I don't know if I can agree with that, there definitely have been instances where shipping has created victims, real people shipping to be exact.
Both Harry Styles & Lois Tomlinson from One Direction and Camila Cabello & Lauren Jauregui from Fifth Harmony have publicly spoken about how fans shipping them put a major strain on their respective friendships and how they would like fans to stop.
Ofc most ships will never reach the amount of popularity needed to actually become a real life problem, but it is possible.
Fiction does not create real victims in that if I write about someone being raped, nobody is actually getting raped. Nobody is a victim of what happens within my fanfiction.
Just like the very legal defence of how thoughts are not actual crimes. I can think about overthrowing the government. But it only becomes an actual crime if I prepare to, or try to.
Likewise, I can write about all the murder I want. It doesn't make me an actual murderer.
Fiction does not create real victims.
Fanfiction itself is not to blame for how actual, real people, interact with and expose content to other real people. It wasn't people writing fanfiction who made those celebrities uncomfortable. It was the actions of the people who bombarded them with inappropriate content and interactions.

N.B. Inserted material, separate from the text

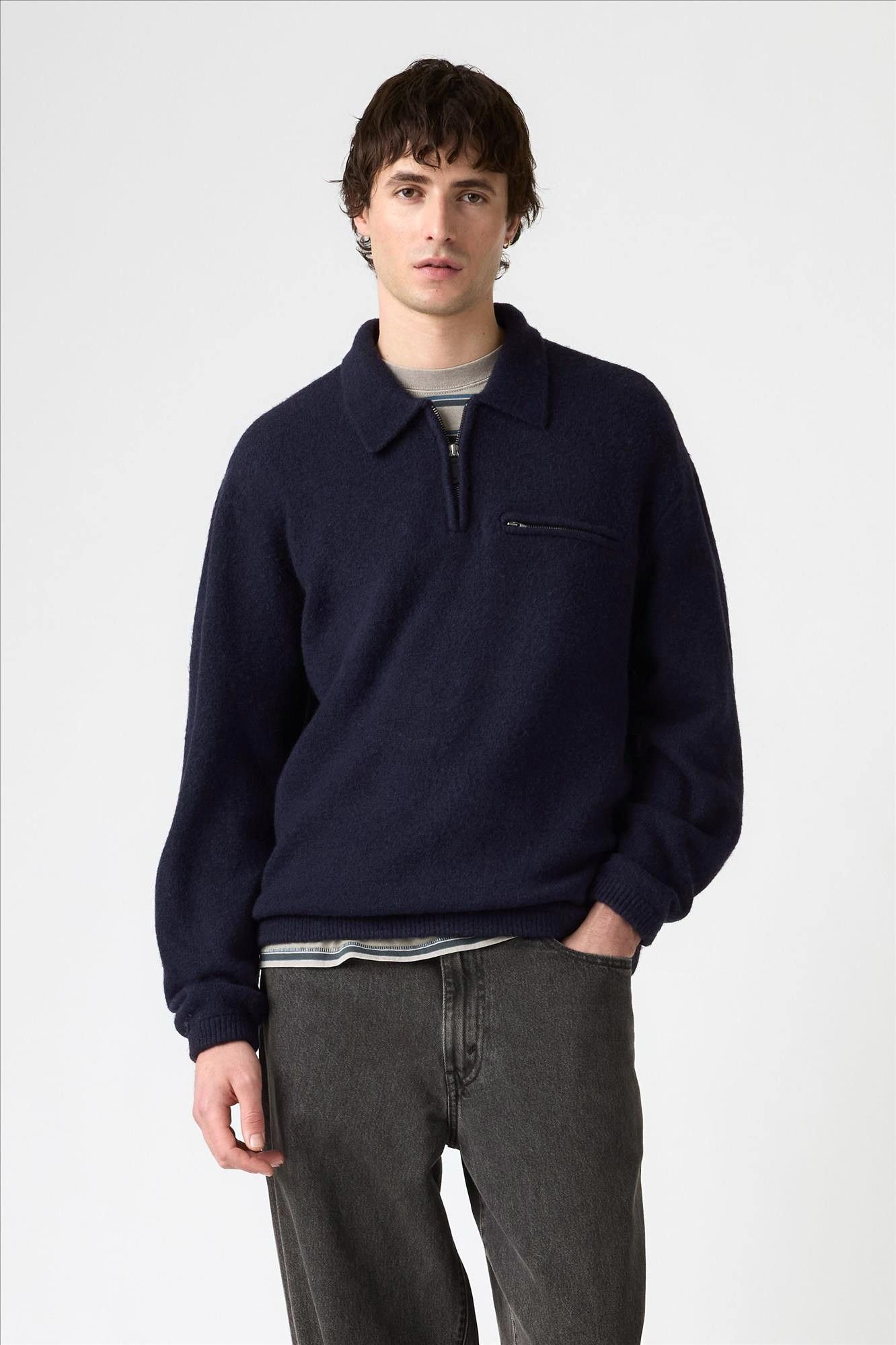 Levi's - Donkerblauwe Boulder Quarter Zip trui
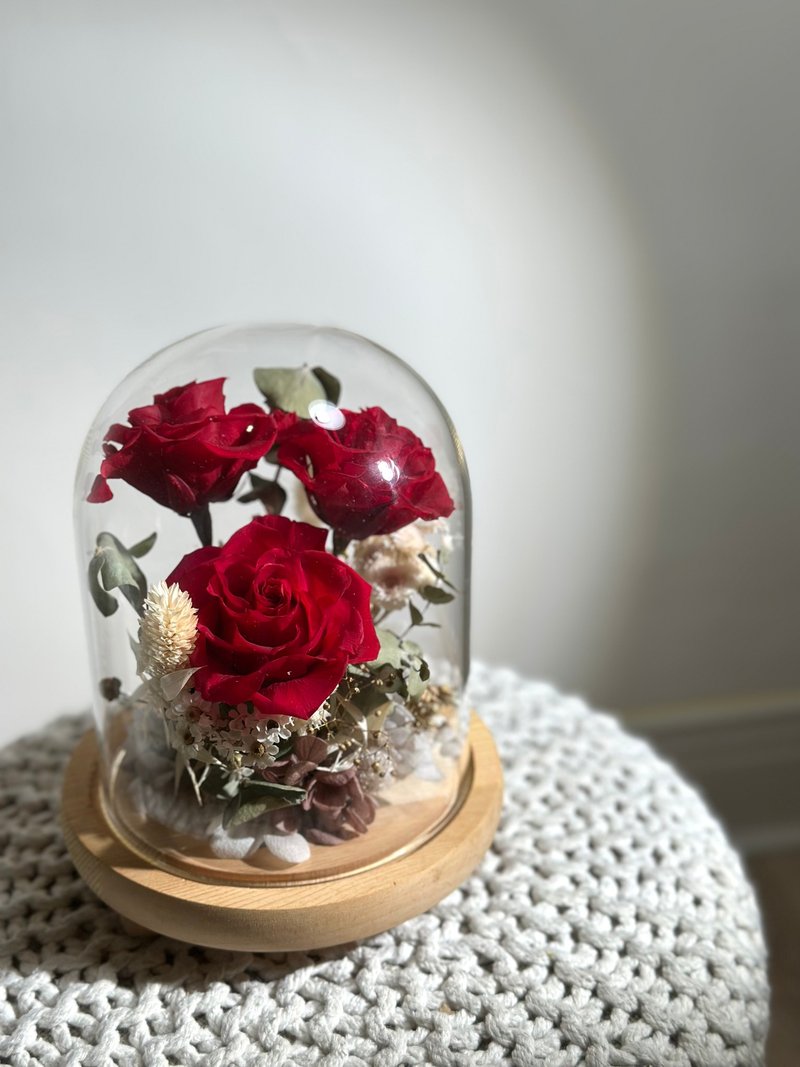 经典红玫瑰永生花玻璃罩 情人花礼 - 干燥花/捧花 - 植物．花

Mark Fischbach and Sean McLoughlin are a prime example of this. They knew people shipped them. They knew people wrote explicit fanfiction and drew explicit fanart. They didn't care. It was a separate part of their fandom they did not involve themselves in.
It only began to cause, as you say, real life problems when certain people began to harass their real life partners over it, began to tag them in or send them explicit content, and began to try forcing Mark and Sean to actually fanservice them.
Mark and Sean didn't ask people to stop shipping them. They asked people to stop forcing the ship on them in real life. They asked people not to harass their partners, not to send them explicit pornography, and not to force them to change how they behave in order to make it easier to construe it as romantic or sexual.
What people do with content will always be more inherently harmful than the actual content itself.
That is, again, why respect is such a huge part of proshipping and the RPF community. Why there are certain rules we follow and processes we follow in order to not be those people. The heavy emphasis on why things like tagging are so important is not only for our sakes, but for the sakes of the people we are using creatively. The only way they can avoid certain content is if we religiously give them the tools and meet the criteria they need us to in order to be able to.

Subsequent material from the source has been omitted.